Russian President Vladimir Putin has described the murder of Russian investigative reporter Anna Politkovskaya as "tragic".
Many believe Politkovskaya's death was a contract killing
In his first response to Saturday's shooting in Moscow, Mr Putin promised a thorough investigation.
He made the comments to US President George Bush during a telephone conversation, a Kremlin spokesman said.
Ms Politkovskaya was a fierce critic of Mr Putin - and in particular his policies in Chechnya.
She had accused Russian security forces there of abusing human rights.
Investigation into motive
Mr Putin said "all the necessary efforts toward an objective investigation into the tragic death of journalist Anna Politkovskaya" would be made.
Russia's top prosecutor is personally leading the official investigation, focusing on her investigative reporting as a possible motive for the crime.
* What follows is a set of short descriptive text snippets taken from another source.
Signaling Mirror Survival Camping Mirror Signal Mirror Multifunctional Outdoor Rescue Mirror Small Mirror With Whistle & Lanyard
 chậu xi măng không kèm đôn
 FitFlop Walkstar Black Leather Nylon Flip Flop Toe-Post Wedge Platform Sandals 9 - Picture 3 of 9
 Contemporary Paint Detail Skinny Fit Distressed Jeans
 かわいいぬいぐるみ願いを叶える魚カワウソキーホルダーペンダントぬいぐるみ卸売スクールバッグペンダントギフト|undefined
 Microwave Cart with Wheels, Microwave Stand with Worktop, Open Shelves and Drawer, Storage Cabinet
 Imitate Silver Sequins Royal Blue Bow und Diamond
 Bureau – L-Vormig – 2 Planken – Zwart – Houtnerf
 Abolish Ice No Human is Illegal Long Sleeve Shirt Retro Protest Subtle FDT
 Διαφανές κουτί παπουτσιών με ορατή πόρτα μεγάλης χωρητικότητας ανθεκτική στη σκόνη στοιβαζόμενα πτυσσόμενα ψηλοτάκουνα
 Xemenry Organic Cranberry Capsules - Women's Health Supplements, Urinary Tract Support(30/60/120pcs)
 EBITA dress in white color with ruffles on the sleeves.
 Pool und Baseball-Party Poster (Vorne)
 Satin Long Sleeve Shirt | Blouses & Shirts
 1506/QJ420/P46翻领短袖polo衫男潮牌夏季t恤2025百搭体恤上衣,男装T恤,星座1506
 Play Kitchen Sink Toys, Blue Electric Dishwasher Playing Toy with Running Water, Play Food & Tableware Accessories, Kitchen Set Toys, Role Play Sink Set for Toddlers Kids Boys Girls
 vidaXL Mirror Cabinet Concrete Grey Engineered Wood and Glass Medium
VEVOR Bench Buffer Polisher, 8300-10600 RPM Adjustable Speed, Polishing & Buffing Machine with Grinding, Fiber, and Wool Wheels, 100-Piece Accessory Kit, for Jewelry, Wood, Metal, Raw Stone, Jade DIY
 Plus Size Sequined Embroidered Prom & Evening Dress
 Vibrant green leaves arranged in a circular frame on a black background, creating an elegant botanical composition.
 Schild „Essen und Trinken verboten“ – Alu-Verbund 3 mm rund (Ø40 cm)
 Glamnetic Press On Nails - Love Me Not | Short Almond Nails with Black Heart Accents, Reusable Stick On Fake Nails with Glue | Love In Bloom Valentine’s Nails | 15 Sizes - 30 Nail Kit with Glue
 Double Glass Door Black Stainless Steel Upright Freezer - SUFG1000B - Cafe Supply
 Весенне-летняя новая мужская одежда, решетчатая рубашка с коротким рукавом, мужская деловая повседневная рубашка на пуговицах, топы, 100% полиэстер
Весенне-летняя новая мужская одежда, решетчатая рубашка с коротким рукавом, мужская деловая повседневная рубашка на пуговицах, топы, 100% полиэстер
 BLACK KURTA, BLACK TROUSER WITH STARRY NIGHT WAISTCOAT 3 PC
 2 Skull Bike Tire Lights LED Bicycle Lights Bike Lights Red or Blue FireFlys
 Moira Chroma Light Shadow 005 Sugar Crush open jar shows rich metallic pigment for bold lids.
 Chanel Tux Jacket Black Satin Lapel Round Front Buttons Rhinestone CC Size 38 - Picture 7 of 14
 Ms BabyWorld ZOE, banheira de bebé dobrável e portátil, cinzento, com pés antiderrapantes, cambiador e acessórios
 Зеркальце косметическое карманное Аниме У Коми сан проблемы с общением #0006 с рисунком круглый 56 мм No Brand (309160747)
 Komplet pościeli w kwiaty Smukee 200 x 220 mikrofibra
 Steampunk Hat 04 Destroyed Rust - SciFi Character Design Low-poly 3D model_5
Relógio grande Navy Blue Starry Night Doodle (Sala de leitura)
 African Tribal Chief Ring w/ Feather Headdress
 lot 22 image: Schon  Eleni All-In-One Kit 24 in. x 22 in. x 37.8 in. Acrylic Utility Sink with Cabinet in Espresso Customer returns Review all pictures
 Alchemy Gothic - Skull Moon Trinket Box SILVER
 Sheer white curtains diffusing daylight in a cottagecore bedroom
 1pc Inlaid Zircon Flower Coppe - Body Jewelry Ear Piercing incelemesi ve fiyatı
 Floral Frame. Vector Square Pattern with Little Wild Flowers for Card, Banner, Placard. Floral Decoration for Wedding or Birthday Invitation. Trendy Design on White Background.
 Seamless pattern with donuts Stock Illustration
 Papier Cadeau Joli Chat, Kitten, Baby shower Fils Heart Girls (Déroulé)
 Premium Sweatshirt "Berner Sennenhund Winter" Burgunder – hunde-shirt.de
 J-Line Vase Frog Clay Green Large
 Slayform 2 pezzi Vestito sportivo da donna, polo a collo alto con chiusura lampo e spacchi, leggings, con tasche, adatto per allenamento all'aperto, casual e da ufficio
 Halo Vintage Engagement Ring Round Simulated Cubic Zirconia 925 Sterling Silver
SUSPECTED CONTRACT KILLINGS
October 2006 - campaigning Russian journalist Anna Politkovskaya shot dead in Moscow
Sept 2006 - first deputy chairman of Russia's central bank Andrei Kozlov shot dead in Moscow
Oct 2005 - former bank head Alexander Slesarev gunned down near Moscow
July 2004 - US editor of Forbes' Russian edition Paul Klebnikov shot dead in Moscow
Oct 2002 - Magadan governor Valentin Tsvetkov killed in Moscow
Nov 1998 - liberal MP Galina Starovoitova killed in St Petersburg
March 1995 - leading journalist Vladislav Listyev shot dead in Moscow
Ms Politkovskaya's newspaper, Novaya Gazeta, has offered a $1m (£534,000) reward to solve the crime.
There is a widespread belief in Russia that her murder was a contract killing - one of several such assassinations in recent years.
Chechnya's pro-Moscow leaders have condemned the murder.
Chechen Prime Minister Ramzan Kadyrov said that although he did not share many of her views, he sent his condolences to her friends and family.
Ms Politkovskaya is due to be buried in Moscow on Tuesday.
The BBC's Emma Simpson in Moscow says Ms Politkovskaya's fellow journalists believe her murder has dealt a severe blow to what remains of press freedom in Russia.
She was found shot dead in a lift at her block of flats. Grainy CCTV footage shows a man in a baseball cap following her inside just before the shooting.
Mr Kadyrov said he had been shocked by the murder, which he called "an impediment to freedom of speech".
"Although Politkovskaya's writings about Chechnya were not objective at times, I sincerely feel sorry for the journalist," he said.
Chechen forces loyal to Mr Kadyrov have been accused of widespread human rights abuses in the North Caucasus region and Ms Politkovskaya condemned them in her last published article.
Mr Kadyrov rejected claims of Chechen involvement in the murder as "presumptions not based on serious evidence... and unworthy of the press and politicians".
Chechnya's pro-Moscow President, Alu Alkhanov, also sent condolences, adding: "We had totally different views of the Chechen processes but Politkovskaya cared about the Chechen people."
In its special edition on Monday, Novaya Gazeta pledged on the front page that: "While there is a Novaya Gazeta, her killers will not sleep easy."